噫(ああ)、われひとゝ尋(と)めゆきて、
涙さしぐみ、かへりきぬ。
山のあなたになほ遠く
「幸(さいはひ)」住むと人のいふ。]
訳詩集・『海潮音』(上田敏)より
(出典 : 青空文庫
https://www.aozora.gr.jp/cards/000235/files/2259_34474.html)
ずっと疑問に思ってたんです。
「何故、わざわざ『山のあなた(「貴方」ではなく、「彼方」)』なのか」と。
「山を超えた向こう側に『幸(さいはひ)』を夢想する」という、文章そのものの意味は判っても、
そういう詩を作る人の気持ちが、どうしても解らなかった。
この間、縁あって群馬県の前橋市に行きまして、
その途中、高崎で降りて、少しだけ高崎の市街を歩いたのですが、
駅前の歩道橋の上から街と、街を囲む山とを眺めていた時、
突如、どおぉん…と頭の上に降ってきたみたいに、『山のあなた』の心象風景が理解できました。
毎日、四方を囲む山々を眺めながら暮らしていたら、
それはどうしたってきっと、「『山の彼方』にあるという『さいはひ』」を、夢想してしまう…と思います。
「ここではないどこか」を希求する心理を、絶えずちくちくと刺激されるような感覚です。
特に、若い人なら余計でしょう。
もし、僻地の山村の出身なら、よしんば「幸(さいはひ)」は見つからなくても、
「故郷にいるよりは運が開ける…」と、そのまま「山のあなた」に根を下ろすことも考えるでしょう。

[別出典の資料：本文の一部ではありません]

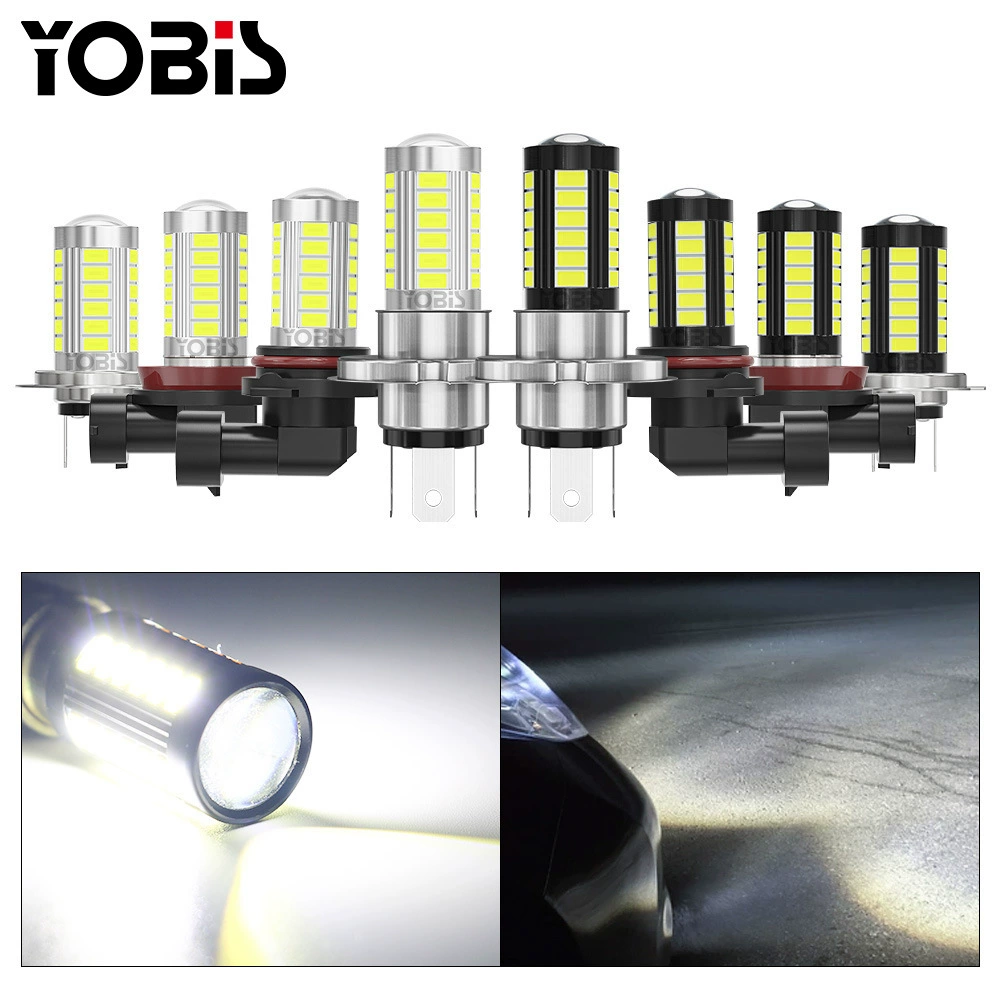 Ubis Автомобильная противотуманная фара H4 H7 H8/H11 9005 9006-5630-33 фара противотуманная фара подсветка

特に、スマートフォン一台あれば、どこでもある程度の情報の送受信ができてしまう現代と違って、
都市部でも、個人宅の電話の普及は、恐らく満足とは言えなかったと思われる時代のお話ですし。
でも、この詩の主人公は、(どうやら)比較的早々に「山のあなた」から戻って来てしまっています。
進学で都会に出ても、地元の企業に就職するために、実家に戻る学生のように。
これも恐らくですが、この詩の主人公は、
「今居る場所」で、少なくとも、充分に生計は立つのでしょう。
けれど、決して満足している訳ではない…と。
そうした人生を送る人を、その心を、
いつかお話に書いてみたい…と、そう思ってしまいました。